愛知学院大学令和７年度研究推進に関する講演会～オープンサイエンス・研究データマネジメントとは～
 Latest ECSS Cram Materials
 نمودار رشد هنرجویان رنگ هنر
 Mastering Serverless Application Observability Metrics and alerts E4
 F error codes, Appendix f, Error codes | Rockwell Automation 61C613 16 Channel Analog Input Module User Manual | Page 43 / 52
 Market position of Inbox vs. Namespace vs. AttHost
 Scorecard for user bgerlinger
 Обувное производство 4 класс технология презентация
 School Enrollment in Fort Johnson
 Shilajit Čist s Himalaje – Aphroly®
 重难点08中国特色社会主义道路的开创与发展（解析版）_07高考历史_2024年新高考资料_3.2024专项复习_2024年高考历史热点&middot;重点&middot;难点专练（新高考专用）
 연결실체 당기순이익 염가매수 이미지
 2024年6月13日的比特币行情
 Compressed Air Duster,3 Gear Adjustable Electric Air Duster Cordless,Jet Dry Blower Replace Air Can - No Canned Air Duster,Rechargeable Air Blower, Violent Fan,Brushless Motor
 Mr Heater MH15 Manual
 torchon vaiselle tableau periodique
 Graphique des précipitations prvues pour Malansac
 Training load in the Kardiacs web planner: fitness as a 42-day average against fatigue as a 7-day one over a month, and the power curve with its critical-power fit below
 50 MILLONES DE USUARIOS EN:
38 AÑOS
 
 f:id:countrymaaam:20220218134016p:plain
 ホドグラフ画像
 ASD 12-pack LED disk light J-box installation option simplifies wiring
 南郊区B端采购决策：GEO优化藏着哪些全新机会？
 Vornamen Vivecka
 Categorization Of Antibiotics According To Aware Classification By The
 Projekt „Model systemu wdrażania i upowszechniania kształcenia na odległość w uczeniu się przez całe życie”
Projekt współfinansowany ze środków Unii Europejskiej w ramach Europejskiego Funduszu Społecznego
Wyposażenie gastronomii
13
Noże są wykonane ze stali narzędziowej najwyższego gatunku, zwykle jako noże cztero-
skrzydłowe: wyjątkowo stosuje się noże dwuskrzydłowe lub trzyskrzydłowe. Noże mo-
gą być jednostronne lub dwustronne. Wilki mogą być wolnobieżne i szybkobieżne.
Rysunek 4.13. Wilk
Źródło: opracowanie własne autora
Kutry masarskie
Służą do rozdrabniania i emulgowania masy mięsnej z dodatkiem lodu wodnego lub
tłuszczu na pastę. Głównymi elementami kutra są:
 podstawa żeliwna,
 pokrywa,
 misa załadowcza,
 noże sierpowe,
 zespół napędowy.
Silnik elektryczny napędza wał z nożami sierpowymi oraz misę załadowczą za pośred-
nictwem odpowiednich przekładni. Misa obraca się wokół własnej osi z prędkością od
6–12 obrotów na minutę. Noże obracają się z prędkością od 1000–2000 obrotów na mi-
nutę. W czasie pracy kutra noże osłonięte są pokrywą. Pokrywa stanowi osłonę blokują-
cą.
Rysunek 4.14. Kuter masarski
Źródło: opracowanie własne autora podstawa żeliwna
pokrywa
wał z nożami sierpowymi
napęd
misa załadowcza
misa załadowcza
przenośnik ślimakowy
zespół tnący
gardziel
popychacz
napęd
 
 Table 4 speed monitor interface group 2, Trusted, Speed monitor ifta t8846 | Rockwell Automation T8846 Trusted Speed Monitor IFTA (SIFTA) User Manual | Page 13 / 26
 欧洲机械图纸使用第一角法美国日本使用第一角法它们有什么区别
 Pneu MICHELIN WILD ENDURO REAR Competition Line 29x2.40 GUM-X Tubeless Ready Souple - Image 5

■ ■ ■ ■ ■ ■ ■

Find the lines above that contain the word "Automation" and collect them.

### PROBLEM SOLUTION
 F error codes, Appendix f, Error codes | Rockwell Automation 61C613 16 Channel Analog Input Module User Manual | Page 43 / 52
 Table 4 speed monitor interface group 2, Trusted, Speed monitor ifta t8846 | Rockwell Automation T8846 Trusted Speed Monitor IFTA (SIFTA) User Manual | Page 13 / 26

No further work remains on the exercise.